> [Provided data]
○ ○ ○

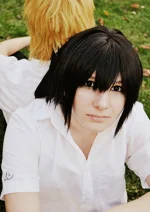 Cosplay-Cover: Uchiha Sasuke (Gakuen)
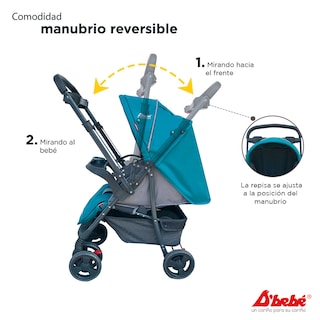 Foto 3 | Carriola Sistema de Viaje D' Bebé Star Baby Jade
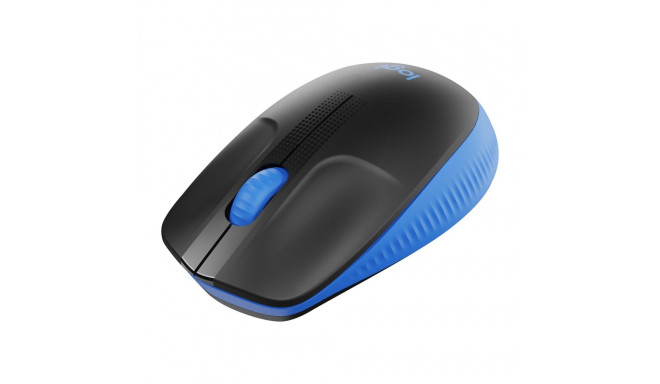 Logitech | Full size Mouse | M190 | Wireless | USB | Blue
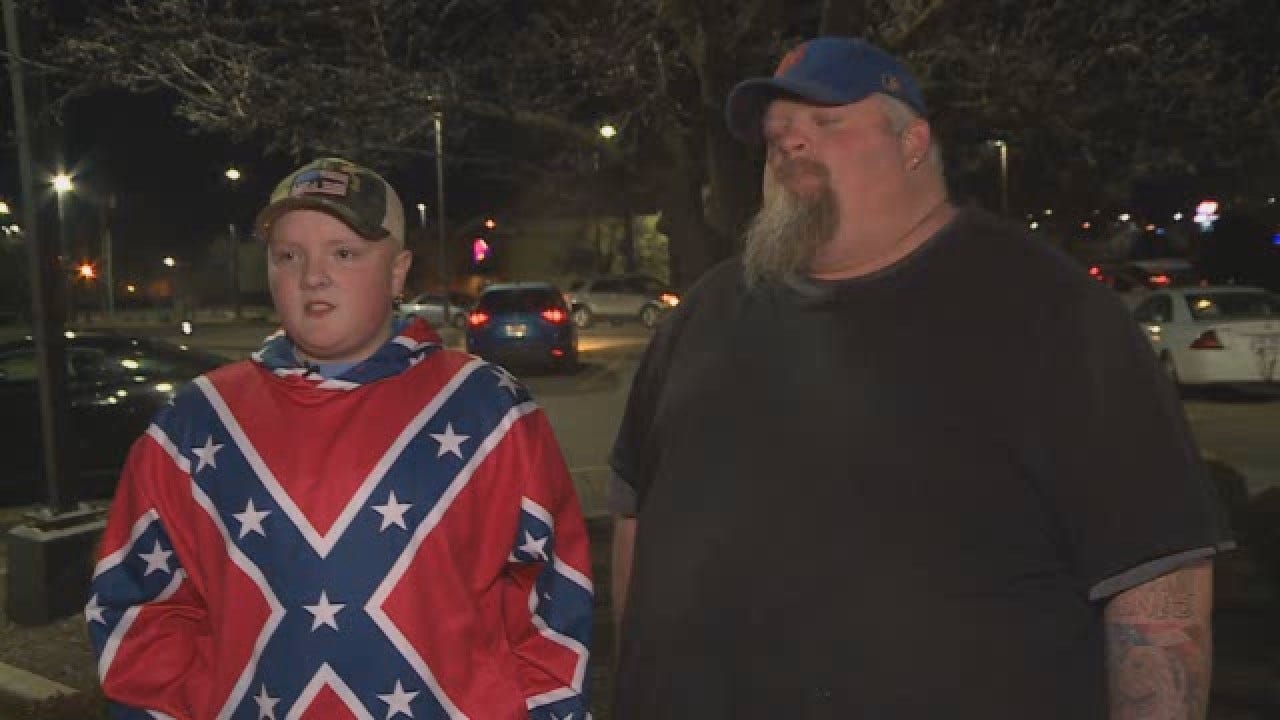 Students Facing Consequences After Wearing Confederate Flag Attire To School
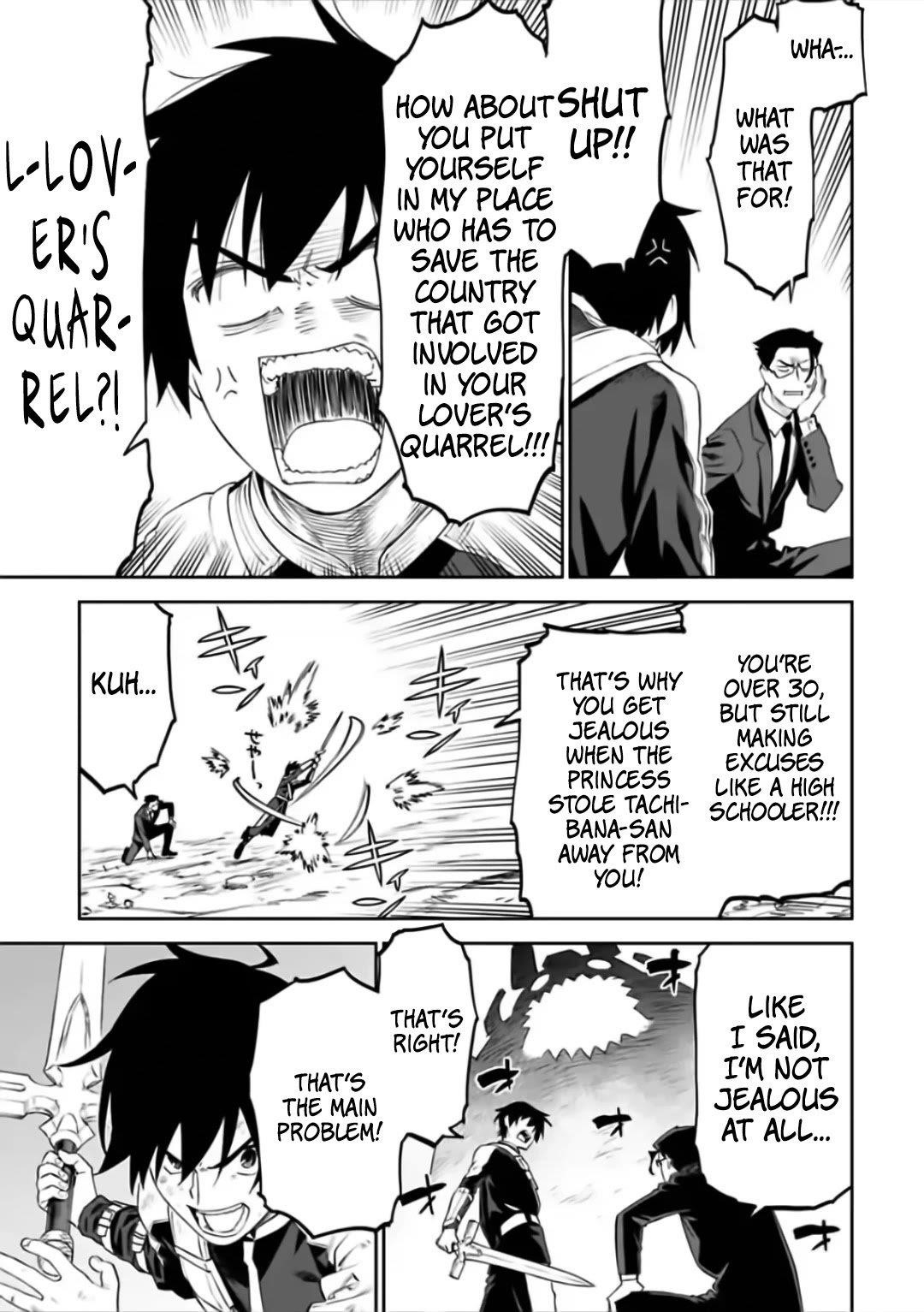 Fantasy Bishoujo Juniku Ojisan To Chapter 63 - Page 11 in English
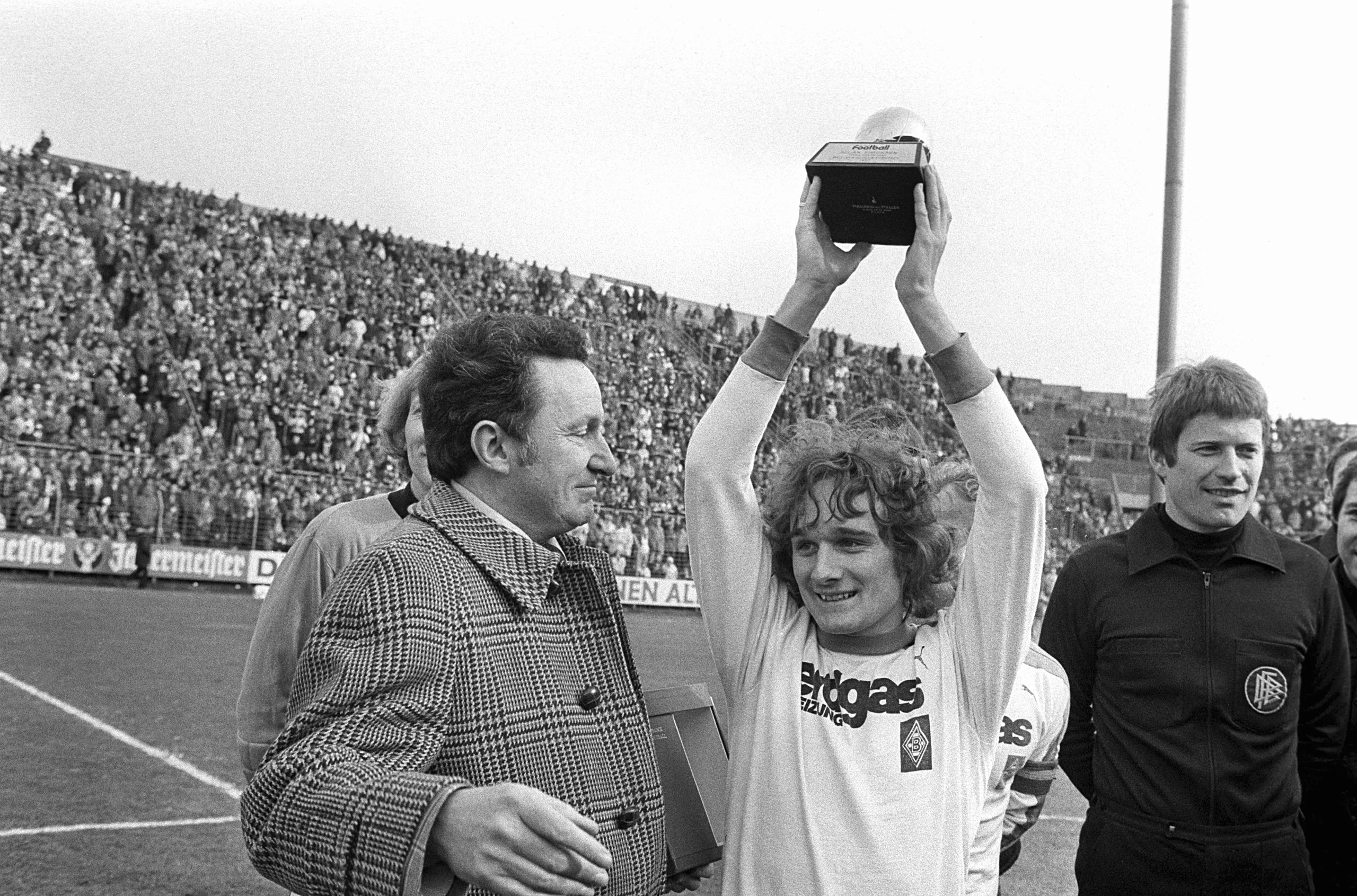 Allan Simonsen, vencedor – Ballon d'Or Masculino 1977
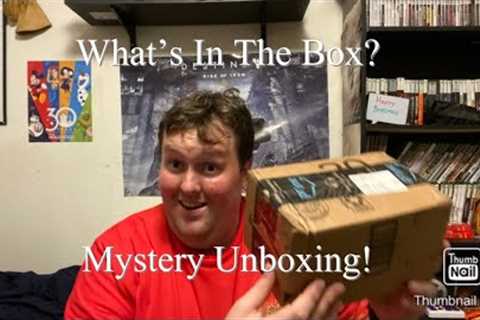 Mystery Unboxing: $35 Amazon Mystery Box (4K)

○ ○ ○

> [Prompt]
The entries above should be retyped word for word, with all pictures omitted.

> [Answer to this problem]
 Cosplay-Cover: Uchiha Sasuke (Gakuen)
 Foto 3 | Carriola Sistema de Viaje D' Bebé Star Baby Jade
 Logitech | Full size Mouse | M190 | Wireless | USB | Blue
 Students Facing Consequences After Wearing Confederate Flag Attire To School
 Fantasy Bishoujo Juniku Ojisan To Chapter 63 - Page 11 in English
 Allan Simonsen, vencedor – Ballon d'Or Masculino 1977
 Mystery Unboxing: $35 Amazon Mystery Box (4K)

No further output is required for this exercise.